> PROBLEM TO SOLVE
Which lines of the listing hold the string "Chevrolet"? Show each of them.

> RECORDED INFORMATION
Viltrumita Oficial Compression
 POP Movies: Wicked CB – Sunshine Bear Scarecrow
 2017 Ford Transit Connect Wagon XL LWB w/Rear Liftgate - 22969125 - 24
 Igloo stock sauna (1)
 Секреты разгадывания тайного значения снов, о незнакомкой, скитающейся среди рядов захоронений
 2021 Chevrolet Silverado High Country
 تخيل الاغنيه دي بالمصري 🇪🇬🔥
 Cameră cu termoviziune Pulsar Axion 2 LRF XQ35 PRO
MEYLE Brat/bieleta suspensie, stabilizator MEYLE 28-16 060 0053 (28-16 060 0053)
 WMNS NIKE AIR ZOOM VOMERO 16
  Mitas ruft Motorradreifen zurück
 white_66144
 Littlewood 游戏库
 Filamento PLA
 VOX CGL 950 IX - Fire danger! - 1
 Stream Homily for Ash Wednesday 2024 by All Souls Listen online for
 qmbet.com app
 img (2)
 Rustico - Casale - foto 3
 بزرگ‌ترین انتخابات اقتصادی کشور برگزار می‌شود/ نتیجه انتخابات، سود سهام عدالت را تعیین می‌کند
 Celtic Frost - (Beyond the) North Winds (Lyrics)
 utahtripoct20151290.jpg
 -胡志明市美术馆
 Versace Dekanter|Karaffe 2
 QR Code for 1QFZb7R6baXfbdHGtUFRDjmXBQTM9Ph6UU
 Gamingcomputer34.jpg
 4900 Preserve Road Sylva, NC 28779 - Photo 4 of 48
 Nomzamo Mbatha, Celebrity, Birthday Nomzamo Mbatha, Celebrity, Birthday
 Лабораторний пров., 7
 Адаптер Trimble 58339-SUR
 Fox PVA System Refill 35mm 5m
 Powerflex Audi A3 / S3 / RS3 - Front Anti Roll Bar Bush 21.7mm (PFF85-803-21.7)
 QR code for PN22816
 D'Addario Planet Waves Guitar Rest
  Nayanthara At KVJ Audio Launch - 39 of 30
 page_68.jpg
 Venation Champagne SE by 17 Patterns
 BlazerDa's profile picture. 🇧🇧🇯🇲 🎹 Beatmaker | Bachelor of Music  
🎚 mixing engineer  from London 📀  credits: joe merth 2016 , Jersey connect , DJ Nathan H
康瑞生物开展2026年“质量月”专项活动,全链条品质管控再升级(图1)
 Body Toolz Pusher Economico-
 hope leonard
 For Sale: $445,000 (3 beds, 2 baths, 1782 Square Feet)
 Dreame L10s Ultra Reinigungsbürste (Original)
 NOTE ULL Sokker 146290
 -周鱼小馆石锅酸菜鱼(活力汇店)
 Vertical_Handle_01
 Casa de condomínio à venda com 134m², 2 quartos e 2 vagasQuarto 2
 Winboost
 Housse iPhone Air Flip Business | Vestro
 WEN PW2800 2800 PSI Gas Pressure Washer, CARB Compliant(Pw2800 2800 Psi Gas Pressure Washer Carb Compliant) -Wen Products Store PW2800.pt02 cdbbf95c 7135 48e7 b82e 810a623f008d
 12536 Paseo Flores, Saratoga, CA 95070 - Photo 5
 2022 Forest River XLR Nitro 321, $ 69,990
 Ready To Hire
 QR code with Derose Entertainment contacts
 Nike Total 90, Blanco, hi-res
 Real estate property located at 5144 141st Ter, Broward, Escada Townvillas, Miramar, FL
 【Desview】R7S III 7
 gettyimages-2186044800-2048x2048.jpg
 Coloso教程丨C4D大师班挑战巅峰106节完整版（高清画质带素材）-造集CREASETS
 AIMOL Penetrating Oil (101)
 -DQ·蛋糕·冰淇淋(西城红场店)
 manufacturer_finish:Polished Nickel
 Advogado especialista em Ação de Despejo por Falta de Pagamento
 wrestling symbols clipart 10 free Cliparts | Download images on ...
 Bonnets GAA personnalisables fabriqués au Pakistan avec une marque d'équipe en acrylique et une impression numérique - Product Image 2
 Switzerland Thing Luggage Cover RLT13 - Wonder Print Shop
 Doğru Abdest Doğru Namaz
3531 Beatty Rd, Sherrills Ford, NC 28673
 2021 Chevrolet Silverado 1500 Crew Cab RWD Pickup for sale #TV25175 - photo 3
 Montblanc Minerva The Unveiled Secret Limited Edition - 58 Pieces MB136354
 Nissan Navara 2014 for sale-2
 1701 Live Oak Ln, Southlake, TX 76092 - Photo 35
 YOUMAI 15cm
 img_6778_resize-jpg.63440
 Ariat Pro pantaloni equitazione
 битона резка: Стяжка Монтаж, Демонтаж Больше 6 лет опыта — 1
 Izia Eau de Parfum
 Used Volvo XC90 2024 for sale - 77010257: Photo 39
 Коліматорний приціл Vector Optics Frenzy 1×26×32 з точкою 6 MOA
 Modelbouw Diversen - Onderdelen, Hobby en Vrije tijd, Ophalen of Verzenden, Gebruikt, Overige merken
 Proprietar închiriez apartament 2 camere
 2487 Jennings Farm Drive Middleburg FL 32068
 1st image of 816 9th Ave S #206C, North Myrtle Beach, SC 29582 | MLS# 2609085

> PROBLEM SOLUTION
 2021 Chevrolet Silverado High Country
 2021 Chevrolet Silverado 1500 Crew Cab RWD Pickup for sale #TV25175 - photo 3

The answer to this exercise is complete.